§ **What is expected**: In the data that follows, count every line holding the string "show" and give the count alone.

§ **Supplied records**:
──────────
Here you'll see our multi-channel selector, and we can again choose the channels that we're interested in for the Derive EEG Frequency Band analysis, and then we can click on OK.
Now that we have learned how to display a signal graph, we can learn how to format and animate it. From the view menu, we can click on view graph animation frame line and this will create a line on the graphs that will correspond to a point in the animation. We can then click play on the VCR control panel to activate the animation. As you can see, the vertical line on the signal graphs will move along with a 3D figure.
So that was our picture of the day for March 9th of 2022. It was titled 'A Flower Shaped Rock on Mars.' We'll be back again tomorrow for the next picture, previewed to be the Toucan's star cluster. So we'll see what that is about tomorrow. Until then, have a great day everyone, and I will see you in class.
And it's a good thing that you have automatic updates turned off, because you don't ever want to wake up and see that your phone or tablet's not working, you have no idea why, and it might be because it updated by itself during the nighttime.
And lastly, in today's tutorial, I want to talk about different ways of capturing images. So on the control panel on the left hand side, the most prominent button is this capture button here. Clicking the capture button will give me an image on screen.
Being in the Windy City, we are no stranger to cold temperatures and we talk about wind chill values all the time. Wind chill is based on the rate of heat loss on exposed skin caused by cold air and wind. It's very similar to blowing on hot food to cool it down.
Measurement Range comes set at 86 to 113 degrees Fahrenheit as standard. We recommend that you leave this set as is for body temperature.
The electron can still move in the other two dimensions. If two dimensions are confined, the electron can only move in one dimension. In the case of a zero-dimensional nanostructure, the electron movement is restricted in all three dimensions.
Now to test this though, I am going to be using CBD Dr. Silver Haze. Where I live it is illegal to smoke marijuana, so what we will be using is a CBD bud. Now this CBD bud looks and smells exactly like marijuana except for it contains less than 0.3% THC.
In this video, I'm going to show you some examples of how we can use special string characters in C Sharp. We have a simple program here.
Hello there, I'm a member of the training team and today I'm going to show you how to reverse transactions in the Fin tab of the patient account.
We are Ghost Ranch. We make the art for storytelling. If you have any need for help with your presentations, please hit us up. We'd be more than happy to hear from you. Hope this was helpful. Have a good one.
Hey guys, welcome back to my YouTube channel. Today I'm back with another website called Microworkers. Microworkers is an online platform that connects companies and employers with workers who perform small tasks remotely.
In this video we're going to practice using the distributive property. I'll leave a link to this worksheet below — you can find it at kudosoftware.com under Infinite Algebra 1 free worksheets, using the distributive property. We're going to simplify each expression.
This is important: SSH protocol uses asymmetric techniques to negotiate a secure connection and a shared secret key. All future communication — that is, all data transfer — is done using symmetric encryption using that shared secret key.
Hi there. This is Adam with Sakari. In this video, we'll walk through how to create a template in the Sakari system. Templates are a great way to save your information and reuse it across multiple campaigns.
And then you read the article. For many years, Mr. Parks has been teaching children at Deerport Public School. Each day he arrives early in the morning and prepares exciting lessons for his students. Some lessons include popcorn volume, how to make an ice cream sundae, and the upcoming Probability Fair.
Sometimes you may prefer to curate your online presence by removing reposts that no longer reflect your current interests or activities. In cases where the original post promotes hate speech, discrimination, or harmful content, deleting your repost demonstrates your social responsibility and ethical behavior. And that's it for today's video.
──────────
§ **Your response**: 2